Your goal:
Could you copy exactly the lines below, beginning at the line with "else block. We're" and stopping after the line with "Good afternoon. I'm", with no pictures?
((
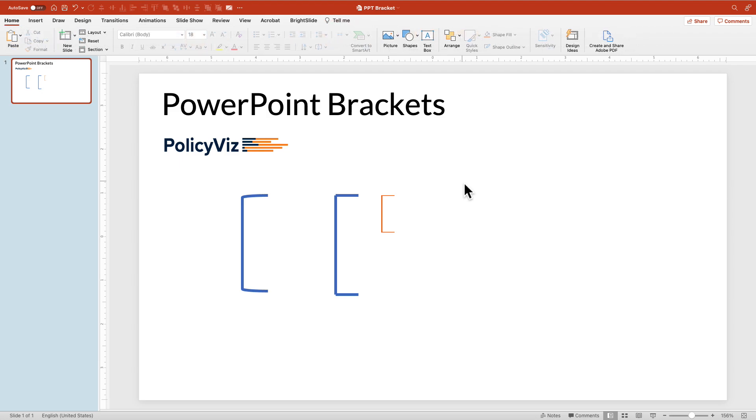So just a quick little PowerPoint tutorial. Be sure to subscribe to this channel to learn more about Excel, PowerPoint, and everything you need to do a better job communicating your data.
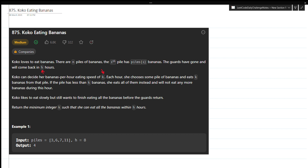Each hour she chooses some pile of bananas and eats k bananas from that pile. If the pile has less than k bananas, Koko will eat all of them instead and will not eat any more bananas during this hour. Koko likes to eat slowly but still wants to finish eating all the bananas before the guards return. Return the minimum integer k such that she can eat all the bananas within h hours.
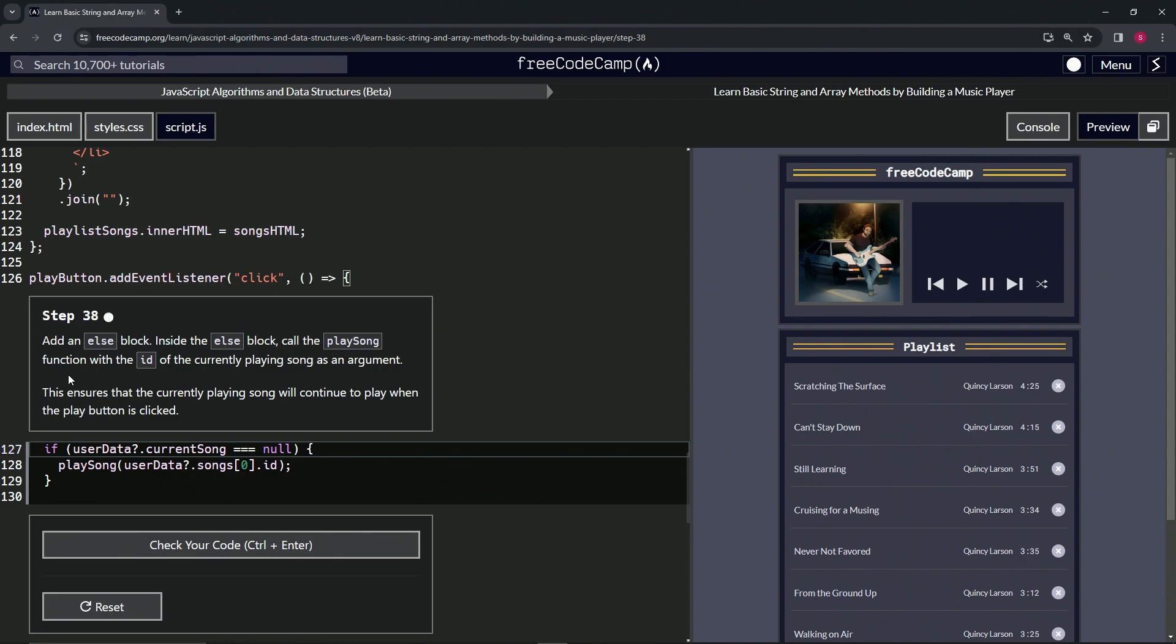else block. We're going to call the playSong function with the ID of the currently playing song as an argument. This will ensure that the currently playing song will continue to play when the play button is clicked.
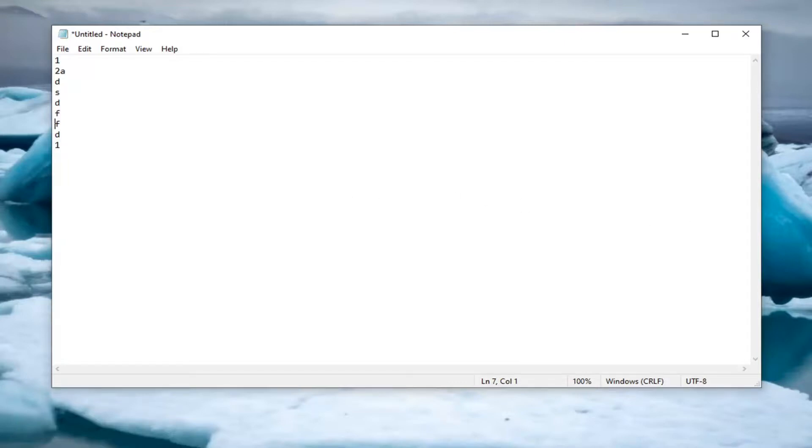Notepad isn't the most advanced text editor, or I shouldn't maybe say that, just it's not as feature rich as other text editors as Notepad++, as an example.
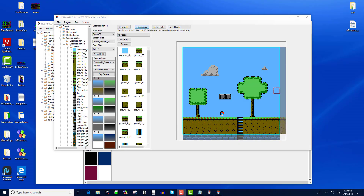We're going to talk about the different types of assets that you can build, and then I'm going to show examples of each. I'm going to use a little bit of the existing platform game that I made here to show you the different types of tiles since they're already constructed, and we're going to work in the other file as far as actually building them.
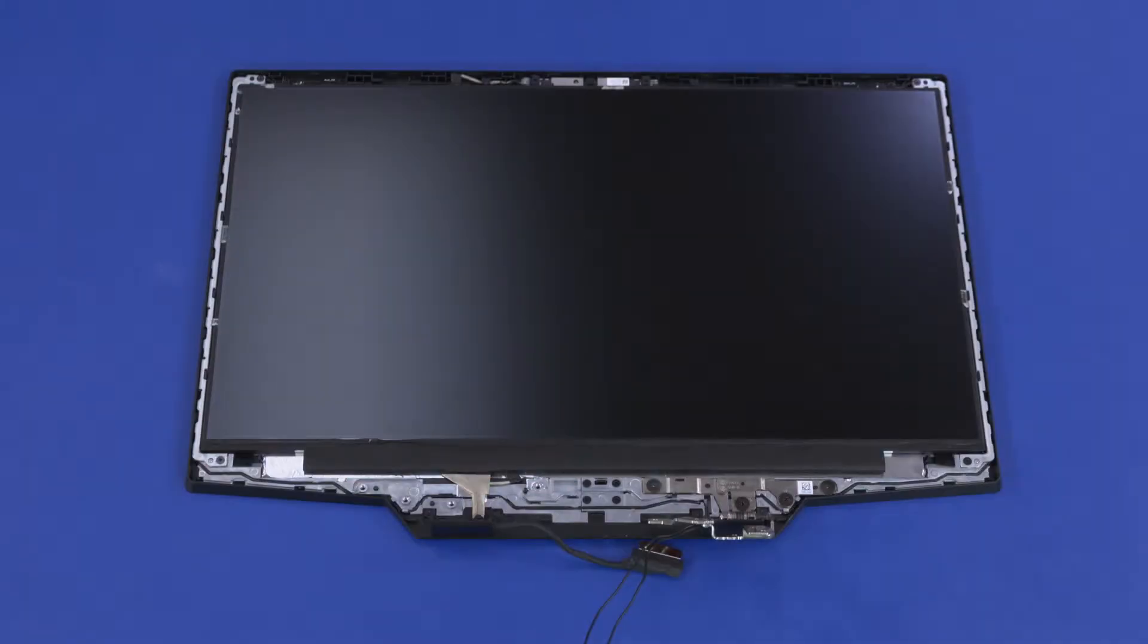Removal. The display panel is held in place by two strips of stretch-release tape. Each tape strip has a plastic pull-tab attached to one end.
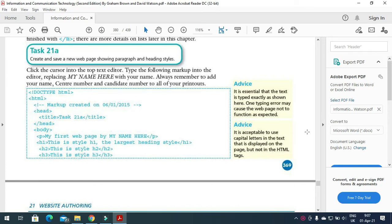Hi students, welcome to my channel ICT Active Learners. Today I am going to explain about web pages. This chapter consists of HTML coding which will help us learn how to create web pages. Web pages can be created through special software applications like Microsoft Web Expression, Dreamweaver, FrontPage, and Visual Studio, but they can also be created using Notepad text editor.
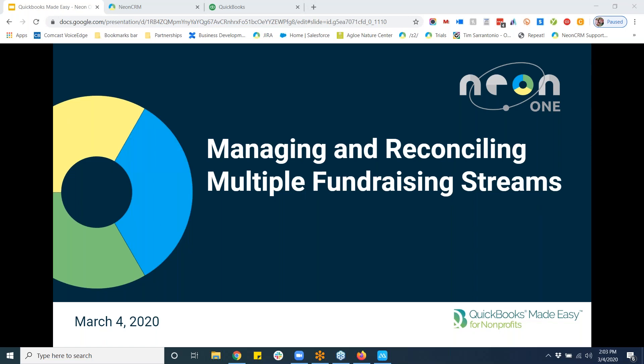Good afternoon everyone, or potentially late morning for you. This is Tim Sarantonio with NEON One, excited to dive into today's presentation: Managing and Reconciling Multiple Fundraising Streams. We're going to get into the meat and potatoes of today's presentation — there's a lot of great things we're going to be doing — but let's go over a few housekeeping logistics before we dive in.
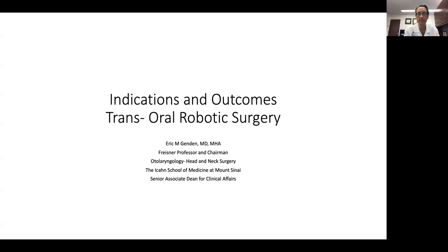Good afternoon. I'm Dr. Eric Gendon, professor and chair at Mount Sinai in New York City. Today I'm going to speak to you about the indications and some of the outcomes for transoral robotic surgery.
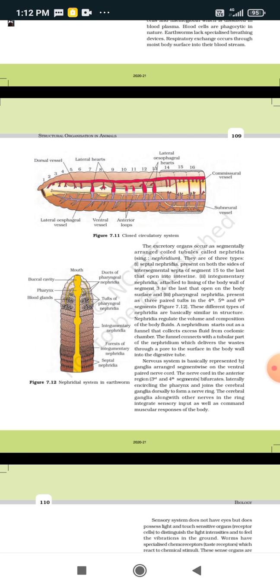Integumentary nephridia open on the body surface. So integumentary nephridia open on the body surface, while septal nephridia open into the intestine.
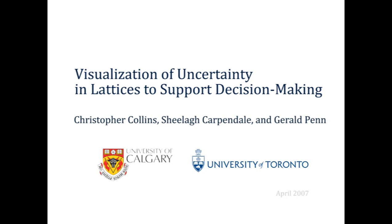Despite advances in natural language technology, machine translation remains a difficult task. We present a visualization of the uncertainty within machine translation results, which exposes the options considered by the algorithm.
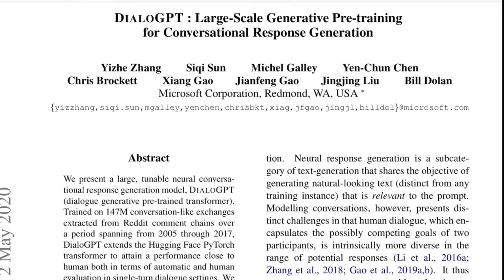Hi there, welcome to the new video. Today we'll be going through this paper titled DialoGPT: Large-Scale Generative Pre-Training for Conversational Response Generation. This is from researchers at Microsoft, and the paper got accepted at ACL 2020 under the system demonstration category.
))
Answer space:
else block. We're going to call the playSong function with the ID of the currently playing song as an argument. This will ensure that the currently playing song will continue to play when the play button is clicked.
Notepad isn't the most advanced text editor, or I shouldn't maybe say that, just it's not as feature rich as other text editors as Notepad++, as an example.
We're going to talk about the different types of assets that you can build, and then I'm going to show examples of each. I'm going to use a little bit of the existing platform game that I made here to show you the different types of tiles since they're already constructed, and we're going to work in the other file as far as actually building them.
Removal. The display panel is held in place by two strips of stretch-release tape. Each tape strip has a plastic pull-tab attached to one end.
Hi students, welcome to my channel ICT Active Learners. Today I am going to explain about web pages. This chapter consists of HTML coding which will help us learn how to create web pages. Web pages can be created through special software applications like Microsoft Web Expression, Dreamweaver, FrontPage, and Visual Studio, but they can also be created using Notepad text editor.
Good afternoon everyone, or potentially late morning for you. This is Tim Sarantonio with NEON One, excited to dive into today's presentation: Managing and Reconciling Multiple Fundraising Streams. We're going to get into the meat and potatoes of today's presentation — there's a lot of great things we're going to be doing — but let's go over a few housekeeping logistics before we dive in.
Good afternoon. I'm Dr. Eric Gendon, professor and chair at Mount Sinai in New York City. Today I'm going to speak to you about the indications and some of the outcomes for transoral robotic surgery.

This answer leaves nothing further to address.